WORK ITEM »
Count the lines below containing "Leather". Number only.

SUPPLIED MATERIAL »
━━━━━━━━━━━━━━━━━━━━━━━━━━━━━━
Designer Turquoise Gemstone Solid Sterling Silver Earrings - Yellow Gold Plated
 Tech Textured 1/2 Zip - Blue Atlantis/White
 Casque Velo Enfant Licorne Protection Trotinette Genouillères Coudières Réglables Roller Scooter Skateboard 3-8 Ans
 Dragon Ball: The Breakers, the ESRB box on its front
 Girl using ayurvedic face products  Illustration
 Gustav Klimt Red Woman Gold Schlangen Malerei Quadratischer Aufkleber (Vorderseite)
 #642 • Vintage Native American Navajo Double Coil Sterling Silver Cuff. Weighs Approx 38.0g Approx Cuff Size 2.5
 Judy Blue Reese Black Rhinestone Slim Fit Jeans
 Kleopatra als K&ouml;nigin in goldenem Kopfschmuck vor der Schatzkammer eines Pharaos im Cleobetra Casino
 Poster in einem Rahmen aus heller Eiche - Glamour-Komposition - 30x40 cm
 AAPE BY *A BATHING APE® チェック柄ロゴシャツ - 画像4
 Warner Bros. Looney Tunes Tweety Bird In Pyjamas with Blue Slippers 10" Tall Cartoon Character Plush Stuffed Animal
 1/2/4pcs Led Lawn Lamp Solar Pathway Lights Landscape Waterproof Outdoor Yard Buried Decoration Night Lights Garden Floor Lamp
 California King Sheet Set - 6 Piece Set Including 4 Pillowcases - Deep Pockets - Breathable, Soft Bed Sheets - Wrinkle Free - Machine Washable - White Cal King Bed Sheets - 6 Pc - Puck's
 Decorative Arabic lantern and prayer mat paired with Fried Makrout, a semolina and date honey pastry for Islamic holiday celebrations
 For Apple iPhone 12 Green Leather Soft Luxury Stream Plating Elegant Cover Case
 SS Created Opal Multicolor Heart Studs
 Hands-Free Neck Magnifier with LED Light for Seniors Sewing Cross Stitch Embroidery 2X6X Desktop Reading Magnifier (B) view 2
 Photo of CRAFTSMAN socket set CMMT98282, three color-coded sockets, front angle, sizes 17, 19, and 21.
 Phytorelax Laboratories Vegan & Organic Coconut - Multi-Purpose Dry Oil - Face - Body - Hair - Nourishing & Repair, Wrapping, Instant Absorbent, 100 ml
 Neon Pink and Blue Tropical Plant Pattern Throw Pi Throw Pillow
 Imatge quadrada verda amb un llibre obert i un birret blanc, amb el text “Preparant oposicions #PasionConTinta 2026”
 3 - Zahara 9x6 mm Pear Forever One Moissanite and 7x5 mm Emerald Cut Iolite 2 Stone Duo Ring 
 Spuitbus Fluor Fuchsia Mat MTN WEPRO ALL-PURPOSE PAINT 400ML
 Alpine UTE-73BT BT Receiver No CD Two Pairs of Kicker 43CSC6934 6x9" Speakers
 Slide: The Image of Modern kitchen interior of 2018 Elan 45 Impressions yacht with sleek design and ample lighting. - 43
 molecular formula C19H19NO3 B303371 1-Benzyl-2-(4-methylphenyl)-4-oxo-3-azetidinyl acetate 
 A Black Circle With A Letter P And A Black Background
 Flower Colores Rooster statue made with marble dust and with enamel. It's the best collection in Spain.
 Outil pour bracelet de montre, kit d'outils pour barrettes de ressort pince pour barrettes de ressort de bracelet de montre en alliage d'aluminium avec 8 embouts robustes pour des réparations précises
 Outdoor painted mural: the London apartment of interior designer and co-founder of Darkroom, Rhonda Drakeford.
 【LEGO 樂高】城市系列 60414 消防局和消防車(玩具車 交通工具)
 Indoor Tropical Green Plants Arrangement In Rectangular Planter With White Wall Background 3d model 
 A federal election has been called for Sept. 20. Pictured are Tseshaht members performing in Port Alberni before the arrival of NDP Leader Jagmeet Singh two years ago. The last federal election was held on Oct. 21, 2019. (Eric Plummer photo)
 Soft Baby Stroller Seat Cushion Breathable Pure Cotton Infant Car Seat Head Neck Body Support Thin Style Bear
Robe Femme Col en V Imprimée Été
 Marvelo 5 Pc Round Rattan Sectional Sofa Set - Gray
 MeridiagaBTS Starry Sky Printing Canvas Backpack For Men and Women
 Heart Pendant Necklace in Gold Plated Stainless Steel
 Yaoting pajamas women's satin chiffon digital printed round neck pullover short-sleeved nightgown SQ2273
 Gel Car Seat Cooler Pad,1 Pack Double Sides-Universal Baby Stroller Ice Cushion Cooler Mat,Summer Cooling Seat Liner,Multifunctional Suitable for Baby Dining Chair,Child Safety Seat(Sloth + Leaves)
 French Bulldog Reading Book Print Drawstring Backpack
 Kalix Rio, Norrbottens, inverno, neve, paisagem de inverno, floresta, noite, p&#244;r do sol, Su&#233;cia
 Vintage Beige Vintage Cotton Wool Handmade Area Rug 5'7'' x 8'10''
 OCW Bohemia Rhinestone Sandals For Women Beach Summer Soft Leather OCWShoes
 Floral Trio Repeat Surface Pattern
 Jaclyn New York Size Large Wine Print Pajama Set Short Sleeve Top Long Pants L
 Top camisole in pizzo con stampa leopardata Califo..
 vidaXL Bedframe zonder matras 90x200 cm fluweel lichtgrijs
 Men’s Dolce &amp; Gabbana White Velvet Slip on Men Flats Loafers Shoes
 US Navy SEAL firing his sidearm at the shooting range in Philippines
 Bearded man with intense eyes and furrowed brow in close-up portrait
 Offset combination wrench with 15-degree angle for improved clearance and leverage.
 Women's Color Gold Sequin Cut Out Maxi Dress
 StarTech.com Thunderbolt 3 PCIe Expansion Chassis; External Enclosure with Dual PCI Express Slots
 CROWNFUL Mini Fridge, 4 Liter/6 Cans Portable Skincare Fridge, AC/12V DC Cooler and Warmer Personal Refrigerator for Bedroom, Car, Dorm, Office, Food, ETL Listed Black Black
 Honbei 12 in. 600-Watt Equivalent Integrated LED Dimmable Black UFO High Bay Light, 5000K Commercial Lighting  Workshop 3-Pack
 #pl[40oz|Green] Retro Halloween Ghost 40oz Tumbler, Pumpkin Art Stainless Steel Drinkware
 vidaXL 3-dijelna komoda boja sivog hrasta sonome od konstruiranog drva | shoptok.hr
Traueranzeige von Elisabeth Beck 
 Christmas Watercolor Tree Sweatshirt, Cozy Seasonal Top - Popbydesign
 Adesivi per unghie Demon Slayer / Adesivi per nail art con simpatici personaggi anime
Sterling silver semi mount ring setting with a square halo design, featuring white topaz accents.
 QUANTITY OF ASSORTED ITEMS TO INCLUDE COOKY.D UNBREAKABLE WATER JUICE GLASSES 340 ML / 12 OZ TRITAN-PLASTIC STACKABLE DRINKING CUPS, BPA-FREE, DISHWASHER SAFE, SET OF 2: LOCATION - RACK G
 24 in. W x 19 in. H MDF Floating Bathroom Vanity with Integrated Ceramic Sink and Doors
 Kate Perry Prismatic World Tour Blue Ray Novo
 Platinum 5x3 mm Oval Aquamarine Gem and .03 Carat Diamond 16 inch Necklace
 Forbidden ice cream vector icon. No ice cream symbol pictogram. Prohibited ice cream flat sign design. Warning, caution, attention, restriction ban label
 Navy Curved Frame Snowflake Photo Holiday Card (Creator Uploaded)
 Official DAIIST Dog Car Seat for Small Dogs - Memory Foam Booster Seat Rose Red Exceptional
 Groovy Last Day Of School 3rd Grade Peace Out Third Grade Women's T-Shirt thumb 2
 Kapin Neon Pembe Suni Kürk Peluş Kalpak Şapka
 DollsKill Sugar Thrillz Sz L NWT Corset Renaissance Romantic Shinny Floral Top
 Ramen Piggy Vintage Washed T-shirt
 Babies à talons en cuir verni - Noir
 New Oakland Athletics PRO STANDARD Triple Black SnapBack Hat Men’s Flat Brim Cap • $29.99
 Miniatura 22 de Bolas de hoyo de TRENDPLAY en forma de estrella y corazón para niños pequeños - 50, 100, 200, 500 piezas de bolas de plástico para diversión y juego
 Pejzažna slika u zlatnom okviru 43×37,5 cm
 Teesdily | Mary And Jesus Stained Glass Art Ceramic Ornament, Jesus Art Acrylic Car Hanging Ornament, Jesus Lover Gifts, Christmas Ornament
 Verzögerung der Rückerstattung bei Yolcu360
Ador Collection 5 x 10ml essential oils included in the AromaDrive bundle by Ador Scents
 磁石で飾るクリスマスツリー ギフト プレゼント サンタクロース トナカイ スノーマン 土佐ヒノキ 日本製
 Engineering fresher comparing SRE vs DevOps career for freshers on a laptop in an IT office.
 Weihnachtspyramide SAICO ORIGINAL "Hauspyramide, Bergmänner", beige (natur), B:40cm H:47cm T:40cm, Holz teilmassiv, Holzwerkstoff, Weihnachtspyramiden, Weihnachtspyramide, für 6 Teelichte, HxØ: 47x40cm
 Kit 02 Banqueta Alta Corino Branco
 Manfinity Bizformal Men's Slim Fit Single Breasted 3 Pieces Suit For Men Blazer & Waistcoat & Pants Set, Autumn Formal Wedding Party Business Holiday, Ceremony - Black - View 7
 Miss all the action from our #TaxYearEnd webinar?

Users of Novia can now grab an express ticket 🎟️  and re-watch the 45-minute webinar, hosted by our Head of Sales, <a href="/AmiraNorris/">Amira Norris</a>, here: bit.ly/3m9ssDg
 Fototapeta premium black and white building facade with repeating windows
━━━━━━━━━━━━━━━━━━━━━━━━━━━━━━
RESPONSE TO THIS TASK »
2